Manifesto, alt kısımda vanilya ve tonka fasulyesinin tatlı ve kremsi bir karışımıyla daha sıcak hale gelir. Tatlılığın içinden geçen hafif yeşillik ve saman izleri vardır ancak çoğunlukla vanilya ile ilgilidir. Bir çiçek kokusunda sıcak ve kremsi bir baz hakkında heyecanlı olmak zordur, bu tarz o kadar yaygındır ki, Manifesto'nun bu bazı kullanımı hafif bir ödün gibi görünüyor.
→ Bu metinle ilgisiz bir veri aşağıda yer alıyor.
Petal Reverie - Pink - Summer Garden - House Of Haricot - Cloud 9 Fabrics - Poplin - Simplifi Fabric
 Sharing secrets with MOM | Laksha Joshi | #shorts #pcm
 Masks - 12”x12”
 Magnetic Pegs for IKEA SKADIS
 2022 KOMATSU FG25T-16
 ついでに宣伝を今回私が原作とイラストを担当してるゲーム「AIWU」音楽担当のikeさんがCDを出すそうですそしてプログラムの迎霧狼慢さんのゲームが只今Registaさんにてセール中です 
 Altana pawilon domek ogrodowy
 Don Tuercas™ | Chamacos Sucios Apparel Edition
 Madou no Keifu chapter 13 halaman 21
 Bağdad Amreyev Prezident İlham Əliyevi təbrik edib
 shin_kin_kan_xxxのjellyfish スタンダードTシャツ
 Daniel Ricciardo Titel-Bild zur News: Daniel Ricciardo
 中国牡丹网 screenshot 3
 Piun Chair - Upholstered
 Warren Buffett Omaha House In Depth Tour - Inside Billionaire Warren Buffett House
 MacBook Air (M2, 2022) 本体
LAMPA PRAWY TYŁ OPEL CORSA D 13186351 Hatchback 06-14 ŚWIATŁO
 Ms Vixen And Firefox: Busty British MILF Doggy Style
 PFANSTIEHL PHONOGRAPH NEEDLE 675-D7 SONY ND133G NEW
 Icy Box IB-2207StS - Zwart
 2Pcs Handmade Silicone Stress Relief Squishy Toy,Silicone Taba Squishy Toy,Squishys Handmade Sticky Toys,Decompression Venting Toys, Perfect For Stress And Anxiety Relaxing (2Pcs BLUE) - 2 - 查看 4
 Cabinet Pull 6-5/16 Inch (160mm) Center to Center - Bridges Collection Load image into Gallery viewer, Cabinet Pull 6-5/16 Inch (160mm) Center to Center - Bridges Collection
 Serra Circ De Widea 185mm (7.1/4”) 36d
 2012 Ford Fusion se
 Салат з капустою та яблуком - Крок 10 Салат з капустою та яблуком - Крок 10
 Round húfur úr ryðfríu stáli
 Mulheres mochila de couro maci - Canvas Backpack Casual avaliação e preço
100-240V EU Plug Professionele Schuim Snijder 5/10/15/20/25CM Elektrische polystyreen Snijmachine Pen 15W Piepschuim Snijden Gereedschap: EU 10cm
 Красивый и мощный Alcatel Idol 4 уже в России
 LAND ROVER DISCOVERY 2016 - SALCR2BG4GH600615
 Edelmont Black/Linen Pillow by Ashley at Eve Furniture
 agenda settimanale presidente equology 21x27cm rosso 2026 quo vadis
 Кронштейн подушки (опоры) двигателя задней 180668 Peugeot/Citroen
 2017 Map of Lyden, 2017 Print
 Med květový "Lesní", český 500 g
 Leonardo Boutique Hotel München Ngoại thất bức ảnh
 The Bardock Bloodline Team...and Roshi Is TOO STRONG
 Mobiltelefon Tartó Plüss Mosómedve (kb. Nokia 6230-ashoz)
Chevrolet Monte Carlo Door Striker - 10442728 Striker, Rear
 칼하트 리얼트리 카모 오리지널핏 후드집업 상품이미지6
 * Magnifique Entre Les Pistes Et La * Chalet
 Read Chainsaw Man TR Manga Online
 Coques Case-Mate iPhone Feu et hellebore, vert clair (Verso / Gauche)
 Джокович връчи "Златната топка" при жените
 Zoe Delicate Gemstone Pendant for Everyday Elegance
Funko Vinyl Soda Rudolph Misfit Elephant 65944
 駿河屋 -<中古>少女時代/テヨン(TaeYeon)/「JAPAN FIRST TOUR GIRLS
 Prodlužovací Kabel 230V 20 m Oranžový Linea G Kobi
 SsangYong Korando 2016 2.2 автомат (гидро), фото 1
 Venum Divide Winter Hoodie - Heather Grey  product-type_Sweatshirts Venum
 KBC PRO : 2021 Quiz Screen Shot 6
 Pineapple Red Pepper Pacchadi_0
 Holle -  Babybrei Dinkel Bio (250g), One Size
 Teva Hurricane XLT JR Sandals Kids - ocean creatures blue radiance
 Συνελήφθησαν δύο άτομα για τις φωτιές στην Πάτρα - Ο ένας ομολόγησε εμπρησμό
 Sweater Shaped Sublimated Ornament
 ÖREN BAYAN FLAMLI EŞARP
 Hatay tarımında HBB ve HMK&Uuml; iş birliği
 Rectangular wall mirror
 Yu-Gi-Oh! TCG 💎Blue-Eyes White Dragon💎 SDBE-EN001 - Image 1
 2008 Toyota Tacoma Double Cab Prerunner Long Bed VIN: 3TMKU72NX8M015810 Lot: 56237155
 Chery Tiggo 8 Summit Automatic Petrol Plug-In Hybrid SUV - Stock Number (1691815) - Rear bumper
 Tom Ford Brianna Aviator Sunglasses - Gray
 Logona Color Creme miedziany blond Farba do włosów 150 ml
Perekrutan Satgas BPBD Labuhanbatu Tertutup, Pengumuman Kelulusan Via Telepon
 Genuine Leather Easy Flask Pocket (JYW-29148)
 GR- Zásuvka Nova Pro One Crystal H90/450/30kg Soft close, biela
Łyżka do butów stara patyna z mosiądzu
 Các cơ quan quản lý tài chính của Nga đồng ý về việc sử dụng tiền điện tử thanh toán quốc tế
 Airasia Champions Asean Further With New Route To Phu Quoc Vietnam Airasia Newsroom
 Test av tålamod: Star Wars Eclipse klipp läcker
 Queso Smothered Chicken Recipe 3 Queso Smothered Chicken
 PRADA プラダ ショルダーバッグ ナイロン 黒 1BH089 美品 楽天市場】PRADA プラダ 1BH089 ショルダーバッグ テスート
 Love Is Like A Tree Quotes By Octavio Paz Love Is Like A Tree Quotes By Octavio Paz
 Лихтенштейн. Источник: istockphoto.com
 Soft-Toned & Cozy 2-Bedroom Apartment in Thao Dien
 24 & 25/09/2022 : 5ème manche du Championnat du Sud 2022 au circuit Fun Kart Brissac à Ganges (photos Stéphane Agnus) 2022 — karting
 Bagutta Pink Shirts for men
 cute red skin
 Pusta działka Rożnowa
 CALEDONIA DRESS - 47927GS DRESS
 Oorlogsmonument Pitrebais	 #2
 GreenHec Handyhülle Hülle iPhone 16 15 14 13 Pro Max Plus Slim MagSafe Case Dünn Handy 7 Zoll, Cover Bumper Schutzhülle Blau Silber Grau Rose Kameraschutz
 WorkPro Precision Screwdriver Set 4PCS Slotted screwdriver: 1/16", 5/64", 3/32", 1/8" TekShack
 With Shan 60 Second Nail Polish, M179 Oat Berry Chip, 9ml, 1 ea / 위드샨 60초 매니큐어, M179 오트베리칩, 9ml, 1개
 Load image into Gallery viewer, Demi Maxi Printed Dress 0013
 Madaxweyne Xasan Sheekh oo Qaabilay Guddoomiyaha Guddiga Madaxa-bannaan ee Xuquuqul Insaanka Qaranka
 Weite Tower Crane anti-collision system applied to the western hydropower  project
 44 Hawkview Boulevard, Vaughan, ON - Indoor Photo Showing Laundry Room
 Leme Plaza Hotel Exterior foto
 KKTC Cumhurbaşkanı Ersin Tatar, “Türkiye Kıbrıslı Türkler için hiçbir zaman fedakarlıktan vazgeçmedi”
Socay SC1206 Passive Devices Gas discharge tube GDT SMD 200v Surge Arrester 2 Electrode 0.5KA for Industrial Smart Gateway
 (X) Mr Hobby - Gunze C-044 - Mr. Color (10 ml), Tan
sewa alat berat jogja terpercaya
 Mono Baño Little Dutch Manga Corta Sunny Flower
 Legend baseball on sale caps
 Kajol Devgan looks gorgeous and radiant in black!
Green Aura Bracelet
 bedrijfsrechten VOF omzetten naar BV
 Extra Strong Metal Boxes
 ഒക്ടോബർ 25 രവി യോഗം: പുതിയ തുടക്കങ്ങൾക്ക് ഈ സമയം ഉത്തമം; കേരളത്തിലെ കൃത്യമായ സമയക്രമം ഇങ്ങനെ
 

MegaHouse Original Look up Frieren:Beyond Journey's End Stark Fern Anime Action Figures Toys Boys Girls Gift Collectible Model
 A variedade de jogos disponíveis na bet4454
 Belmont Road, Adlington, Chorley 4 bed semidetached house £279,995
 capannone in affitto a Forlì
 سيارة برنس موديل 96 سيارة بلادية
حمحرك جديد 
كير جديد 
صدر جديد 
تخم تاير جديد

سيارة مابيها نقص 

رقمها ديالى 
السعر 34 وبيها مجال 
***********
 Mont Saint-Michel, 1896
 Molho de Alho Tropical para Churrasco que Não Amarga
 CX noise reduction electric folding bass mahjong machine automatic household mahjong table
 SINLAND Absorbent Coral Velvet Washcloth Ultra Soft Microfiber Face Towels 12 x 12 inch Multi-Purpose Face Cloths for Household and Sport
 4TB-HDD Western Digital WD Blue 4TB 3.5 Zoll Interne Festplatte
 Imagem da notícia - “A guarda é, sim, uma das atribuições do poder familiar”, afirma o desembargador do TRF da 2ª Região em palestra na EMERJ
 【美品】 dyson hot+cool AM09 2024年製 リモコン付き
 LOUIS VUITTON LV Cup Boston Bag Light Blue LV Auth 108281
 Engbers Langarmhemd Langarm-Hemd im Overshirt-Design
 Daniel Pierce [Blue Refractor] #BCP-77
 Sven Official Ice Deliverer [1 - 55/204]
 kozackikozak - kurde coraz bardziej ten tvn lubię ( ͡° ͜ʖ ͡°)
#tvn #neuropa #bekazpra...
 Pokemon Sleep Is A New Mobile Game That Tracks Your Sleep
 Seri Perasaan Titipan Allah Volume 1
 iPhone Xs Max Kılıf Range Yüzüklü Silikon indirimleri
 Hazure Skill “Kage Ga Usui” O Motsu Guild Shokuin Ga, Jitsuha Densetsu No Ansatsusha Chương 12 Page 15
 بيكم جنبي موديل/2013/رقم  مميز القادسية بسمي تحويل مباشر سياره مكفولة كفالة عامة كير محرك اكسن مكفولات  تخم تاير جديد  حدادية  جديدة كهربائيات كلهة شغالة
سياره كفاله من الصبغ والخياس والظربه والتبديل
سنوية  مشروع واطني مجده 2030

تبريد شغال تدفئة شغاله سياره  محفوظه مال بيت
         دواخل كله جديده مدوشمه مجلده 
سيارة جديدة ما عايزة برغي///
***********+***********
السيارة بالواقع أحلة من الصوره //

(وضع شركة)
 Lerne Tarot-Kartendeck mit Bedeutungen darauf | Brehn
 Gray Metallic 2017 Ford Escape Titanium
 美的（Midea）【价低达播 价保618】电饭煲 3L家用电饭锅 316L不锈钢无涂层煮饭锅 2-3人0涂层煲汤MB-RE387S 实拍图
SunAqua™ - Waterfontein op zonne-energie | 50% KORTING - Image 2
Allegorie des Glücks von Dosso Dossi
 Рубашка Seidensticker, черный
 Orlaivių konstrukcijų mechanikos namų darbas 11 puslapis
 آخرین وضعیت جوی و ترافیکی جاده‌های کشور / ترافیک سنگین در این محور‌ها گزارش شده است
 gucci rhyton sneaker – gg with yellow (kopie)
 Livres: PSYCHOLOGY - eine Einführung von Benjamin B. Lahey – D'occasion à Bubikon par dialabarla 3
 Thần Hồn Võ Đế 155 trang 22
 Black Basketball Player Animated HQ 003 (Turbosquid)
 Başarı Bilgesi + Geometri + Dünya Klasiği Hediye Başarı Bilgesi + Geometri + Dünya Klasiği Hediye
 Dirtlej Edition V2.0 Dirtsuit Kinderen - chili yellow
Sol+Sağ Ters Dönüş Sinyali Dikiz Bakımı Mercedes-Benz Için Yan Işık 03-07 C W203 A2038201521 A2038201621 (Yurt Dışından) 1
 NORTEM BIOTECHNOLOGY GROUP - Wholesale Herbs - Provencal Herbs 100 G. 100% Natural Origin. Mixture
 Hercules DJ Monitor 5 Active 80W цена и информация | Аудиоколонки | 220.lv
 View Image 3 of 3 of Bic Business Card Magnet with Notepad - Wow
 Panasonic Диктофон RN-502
Biraz daha ilginç bir koku oluşturmak ve Manifesto'nun nihai olarak tasarlamayı amaçladığı modern, cesur ve özgüvenli kadını daha doğru bir şekilde temsil etmek adına, kuru bir bazın, zengin ağaçlar (sandal ağacı ve sedir notları listelenmiş olsa da) ve tütsü içeren bir tercih edilmesi gerektiği hissi uyandırmamak elde değil.
YSL'nin koku tarihini düşündüğünüzde, Manifesto'nun şaşırtıcı olmadığını anlamak kolaydır ancak kendi başına bir parfüm olarak ele alındığında, kesinlikle kötü olmadığını kabul etmek gerekiyor. YSL'nin Manifesto ile ne söylemeye çalıştığını yorumlamak zordur, evet, her yaştan kadınlar tarafından kullanılabilecek hoş bir parfüm. Kesinlikle denemeye değer bir parfüm.